La députée Najwa Koukouss a adressé une question écrite au ministre de la Santé et de la Protection sociale concernant la dégradation de la situation sanitaire au sein de l’Hôpital mère-enfant Abderrahim Harouchi de Casablanca. L’élue du PAM y souligne qu’après plusieurs relances sur le sujet, à travers des questions orales et des correspondances, la problématique persiste, notamment en ce qui concerne la détérioration et le désordre qui règnent au service de chirurgie pédiatrique.

Selon elle, une grande partie du problème réside dans l’insuffisance du nombre de chirurgiens pédiatres. Entre 2020 et 2025, 36 postes en chirurgie pédiatrique ont été ouverts lors du concours de résidanat, mais seuls six médecins résidents ont choisi d’y rester, les autres étant partis faute d’un environnement de travail adéquat. «Les nouveaux praticiens préfèrent exercer dans d’autres établissements plutôt qu’à l’hôpital Harouchi», déplore Koukouss.

À cela s’ajoute le fait qu’un seul médecin résident se retrouve généralement de garde, portant seul de lourdes responsabilités. «Une telle réalité rend impossible la prise en charge correcte de tous les cas avec un effectif aussi réduit», alerte la députée.

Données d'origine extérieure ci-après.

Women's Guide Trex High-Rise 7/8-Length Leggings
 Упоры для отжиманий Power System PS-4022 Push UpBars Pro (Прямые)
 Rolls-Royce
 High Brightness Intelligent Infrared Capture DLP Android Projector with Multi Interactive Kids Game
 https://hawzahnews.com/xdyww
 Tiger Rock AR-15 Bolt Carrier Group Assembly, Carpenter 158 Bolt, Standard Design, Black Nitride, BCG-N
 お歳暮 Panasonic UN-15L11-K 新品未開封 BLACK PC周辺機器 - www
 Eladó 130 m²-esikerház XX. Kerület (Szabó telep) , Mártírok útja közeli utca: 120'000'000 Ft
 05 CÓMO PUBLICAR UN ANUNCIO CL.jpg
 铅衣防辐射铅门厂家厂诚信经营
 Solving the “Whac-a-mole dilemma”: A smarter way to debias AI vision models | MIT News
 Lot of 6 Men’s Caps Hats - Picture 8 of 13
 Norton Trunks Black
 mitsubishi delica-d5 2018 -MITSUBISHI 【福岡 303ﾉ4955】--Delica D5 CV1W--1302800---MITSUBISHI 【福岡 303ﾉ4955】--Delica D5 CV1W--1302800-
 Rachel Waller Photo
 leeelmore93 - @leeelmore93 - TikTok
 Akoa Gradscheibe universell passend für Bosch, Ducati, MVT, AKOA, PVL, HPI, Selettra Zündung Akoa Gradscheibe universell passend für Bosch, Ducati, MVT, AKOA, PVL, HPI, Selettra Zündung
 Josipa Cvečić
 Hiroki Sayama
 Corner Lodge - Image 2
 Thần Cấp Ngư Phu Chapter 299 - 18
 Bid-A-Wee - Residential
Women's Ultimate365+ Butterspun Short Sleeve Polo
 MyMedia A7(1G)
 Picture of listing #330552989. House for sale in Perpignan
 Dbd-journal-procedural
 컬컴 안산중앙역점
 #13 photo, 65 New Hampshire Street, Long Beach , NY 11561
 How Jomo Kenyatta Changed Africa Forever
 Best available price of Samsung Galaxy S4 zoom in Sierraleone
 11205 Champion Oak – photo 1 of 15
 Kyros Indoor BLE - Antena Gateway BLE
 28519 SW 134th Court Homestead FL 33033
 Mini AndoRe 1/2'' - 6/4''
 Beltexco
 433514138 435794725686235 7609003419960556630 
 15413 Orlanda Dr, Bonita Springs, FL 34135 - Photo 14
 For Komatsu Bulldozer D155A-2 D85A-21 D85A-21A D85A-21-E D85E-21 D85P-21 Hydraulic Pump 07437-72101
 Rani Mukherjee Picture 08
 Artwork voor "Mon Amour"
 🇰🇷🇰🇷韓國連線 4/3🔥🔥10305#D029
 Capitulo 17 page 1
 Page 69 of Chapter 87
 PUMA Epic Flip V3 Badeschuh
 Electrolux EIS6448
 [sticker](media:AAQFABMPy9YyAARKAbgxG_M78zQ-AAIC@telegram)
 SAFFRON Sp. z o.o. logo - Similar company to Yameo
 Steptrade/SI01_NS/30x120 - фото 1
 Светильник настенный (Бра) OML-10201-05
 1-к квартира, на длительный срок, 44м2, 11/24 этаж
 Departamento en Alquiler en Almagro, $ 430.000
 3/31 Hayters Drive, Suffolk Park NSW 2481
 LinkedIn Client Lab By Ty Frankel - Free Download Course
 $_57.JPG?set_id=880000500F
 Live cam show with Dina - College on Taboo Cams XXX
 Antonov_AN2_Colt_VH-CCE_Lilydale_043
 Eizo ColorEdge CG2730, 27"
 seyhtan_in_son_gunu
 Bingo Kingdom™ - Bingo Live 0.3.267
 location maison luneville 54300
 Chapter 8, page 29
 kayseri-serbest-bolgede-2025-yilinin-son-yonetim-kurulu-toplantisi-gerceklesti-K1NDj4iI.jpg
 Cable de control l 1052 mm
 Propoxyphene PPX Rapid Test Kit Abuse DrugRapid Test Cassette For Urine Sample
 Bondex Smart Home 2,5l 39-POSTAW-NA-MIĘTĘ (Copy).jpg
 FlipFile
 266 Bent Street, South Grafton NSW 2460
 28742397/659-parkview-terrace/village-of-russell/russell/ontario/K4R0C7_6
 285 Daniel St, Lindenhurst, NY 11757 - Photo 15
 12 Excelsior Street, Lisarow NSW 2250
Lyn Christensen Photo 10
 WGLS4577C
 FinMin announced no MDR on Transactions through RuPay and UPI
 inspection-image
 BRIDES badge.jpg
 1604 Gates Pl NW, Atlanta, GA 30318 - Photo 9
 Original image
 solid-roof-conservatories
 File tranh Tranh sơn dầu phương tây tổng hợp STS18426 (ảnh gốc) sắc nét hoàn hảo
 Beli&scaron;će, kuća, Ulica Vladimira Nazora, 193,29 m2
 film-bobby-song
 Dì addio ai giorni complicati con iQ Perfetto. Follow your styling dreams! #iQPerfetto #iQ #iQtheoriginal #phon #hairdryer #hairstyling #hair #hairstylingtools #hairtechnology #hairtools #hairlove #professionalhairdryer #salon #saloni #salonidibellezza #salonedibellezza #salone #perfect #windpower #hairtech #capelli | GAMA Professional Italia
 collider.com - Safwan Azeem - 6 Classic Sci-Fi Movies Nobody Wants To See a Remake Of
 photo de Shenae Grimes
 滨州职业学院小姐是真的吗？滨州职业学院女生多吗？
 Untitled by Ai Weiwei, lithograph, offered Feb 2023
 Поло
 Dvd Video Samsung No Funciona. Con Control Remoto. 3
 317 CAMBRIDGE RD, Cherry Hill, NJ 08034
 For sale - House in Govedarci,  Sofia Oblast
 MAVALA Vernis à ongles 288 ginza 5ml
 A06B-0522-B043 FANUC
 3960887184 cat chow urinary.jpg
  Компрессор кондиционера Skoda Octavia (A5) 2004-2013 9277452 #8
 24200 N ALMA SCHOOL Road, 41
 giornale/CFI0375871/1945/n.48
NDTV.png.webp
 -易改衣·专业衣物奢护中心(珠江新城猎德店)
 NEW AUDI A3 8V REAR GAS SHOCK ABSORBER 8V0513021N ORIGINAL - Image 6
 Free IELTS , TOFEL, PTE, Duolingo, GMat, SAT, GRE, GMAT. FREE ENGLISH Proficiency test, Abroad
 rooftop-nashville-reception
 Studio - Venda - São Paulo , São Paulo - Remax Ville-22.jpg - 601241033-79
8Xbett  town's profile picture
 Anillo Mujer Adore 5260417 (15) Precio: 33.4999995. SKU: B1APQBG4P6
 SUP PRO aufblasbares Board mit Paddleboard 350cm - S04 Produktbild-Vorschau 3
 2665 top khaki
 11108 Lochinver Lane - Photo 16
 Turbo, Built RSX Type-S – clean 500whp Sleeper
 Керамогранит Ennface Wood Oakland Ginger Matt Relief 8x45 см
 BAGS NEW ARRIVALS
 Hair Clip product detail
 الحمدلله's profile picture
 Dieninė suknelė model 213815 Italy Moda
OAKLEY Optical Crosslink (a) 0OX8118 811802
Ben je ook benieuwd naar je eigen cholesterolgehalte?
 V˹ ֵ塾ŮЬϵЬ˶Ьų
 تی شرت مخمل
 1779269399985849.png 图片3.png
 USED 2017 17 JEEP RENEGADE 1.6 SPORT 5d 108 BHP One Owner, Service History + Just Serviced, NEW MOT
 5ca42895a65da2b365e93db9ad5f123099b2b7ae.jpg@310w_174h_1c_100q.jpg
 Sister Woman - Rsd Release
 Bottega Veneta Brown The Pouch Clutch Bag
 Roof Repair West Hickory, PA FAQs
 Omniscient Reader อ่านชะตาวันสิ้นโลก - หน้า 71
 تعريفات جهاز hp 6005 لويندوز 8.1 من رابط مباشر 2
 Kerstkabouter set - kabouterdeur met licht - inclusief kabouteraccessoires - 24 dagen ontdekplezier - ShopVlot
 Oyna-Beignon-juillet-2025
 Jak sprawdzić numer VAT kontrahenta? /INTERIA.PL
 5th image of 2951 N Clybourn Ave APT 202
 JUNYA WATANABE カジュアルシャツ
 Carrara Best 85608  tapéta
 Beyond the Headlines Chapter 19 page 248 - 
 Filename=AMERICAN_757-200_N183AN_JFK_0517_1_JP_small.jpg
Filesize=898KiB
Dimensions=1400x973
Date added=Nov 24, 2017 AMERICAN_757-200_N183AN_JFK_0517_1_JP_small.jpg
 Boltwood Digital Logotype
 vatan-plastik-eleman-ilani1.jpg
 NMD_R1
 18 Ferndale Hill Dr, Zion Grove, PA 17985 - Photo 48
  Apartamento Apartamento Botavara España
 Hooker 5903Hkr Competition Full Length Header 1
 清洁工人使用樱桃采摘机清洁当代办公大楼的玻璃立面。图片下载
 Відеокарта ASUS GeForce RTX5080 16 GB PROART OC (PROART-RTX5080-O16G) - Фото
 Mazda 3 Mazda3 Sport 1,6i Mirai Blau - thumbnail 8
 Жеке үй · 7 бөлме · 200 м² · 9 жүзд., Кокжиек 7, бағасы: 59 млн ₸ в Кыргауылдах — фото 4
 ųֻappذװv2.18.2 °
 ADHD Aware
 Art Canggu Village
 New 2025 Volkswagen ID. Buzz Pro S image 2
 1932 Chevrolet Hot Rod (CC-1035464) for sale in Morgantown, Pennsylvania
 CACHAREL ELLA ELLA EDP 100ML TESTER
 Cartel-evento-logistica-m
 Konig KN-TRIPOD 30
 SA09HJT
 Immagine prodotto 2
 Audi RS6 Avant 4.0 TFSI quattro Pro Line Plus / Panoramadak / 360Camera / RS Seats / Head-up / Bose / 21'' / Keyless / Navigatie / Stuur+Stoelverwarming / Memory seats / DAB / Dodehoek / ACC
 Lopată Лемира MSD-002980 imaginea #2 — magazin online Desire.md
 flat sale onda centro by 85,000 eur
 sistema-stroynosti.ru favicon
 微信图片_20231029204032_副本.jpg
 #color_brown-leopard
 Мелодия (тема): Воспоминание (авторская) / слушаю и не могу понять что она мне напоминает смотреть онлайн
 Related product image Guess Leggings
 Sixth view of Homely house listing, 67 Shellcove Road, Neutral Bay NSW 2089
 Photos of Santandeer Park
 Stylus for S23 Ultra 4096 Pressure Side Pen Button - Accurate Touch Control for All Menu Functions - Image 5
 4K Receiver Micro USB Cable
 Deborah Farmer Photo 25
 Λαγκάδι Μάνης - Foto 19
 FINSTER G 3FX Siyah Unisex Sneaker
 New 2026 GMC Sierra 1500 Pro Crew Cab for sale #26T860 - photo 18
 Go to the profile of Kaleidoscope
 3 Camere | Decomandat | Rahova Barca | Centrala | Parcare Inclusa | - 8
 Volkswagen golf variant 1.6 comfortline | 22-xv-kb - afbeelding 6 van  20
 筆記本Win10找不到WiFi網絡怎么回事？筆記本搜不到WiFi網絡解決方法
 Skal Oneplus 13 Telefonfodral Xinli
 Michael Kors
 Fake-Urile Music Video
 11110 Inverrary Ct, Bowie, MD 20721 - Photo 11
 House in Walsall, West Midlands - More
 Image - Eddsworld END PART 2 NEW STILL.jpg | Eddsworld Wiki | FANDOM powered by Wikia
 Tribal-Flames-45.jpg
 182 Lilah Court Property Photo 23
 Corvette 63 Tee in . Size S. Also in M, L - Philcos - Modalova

Lire aussi: Agadir: Tahraoui limoge la directrice régionale de la Santé et le directeur de l’hôpital Hassan II

Najwa Koukouss interpelle le ministre sur les mesures prévues pour dépêcher une commission d’inspection chargée d’évaluer la situation du service de chirurgie pédiatrique de l’hôpital Abderrahim Harouchi et pour répondre aux appels pressants de nombreux médecins. Elle insiste sur la nécessité de prendre des décisions urgentes afin de garantir la santé des enfants marocains.

Les médecins tirent la sonnette d’alarme

Cette situation a conduit une partie du corps médical à tirer la sonnette d’alarme. Ahmed Jarmoumi, chirurgien dans l’établissement, a récemment alerté, à travers des publications sur son compte Facebook, sur les conditions sanitaires dégradées et sollicité une intervention urgente des responsables. Selon lui, la persistance de ces conditions ne se limite pas à des répercussions internes touchant les médecins, mais elle constitue aussi une menace directe pour la santé des enfants et pour la qualité de la formation médicale dans le pays.

Au nom de ses collègues, le médecin a appelé les autorités et les responsables à sauver l’hôpital, et plus particulièrement son service de chirurgie pédiatrique dans un état «catastrophique».

Il a également dénoncé la fuite continue des médecins après leur intégration dans l’établissement, en raison de conditions de travail inadaptées et d’un environnement jugé toxique. Enfin, il affirme avoir reçu des menaces pour avoir brisé le silence, ce qui l’a poussé à solliciter l’intervention royale.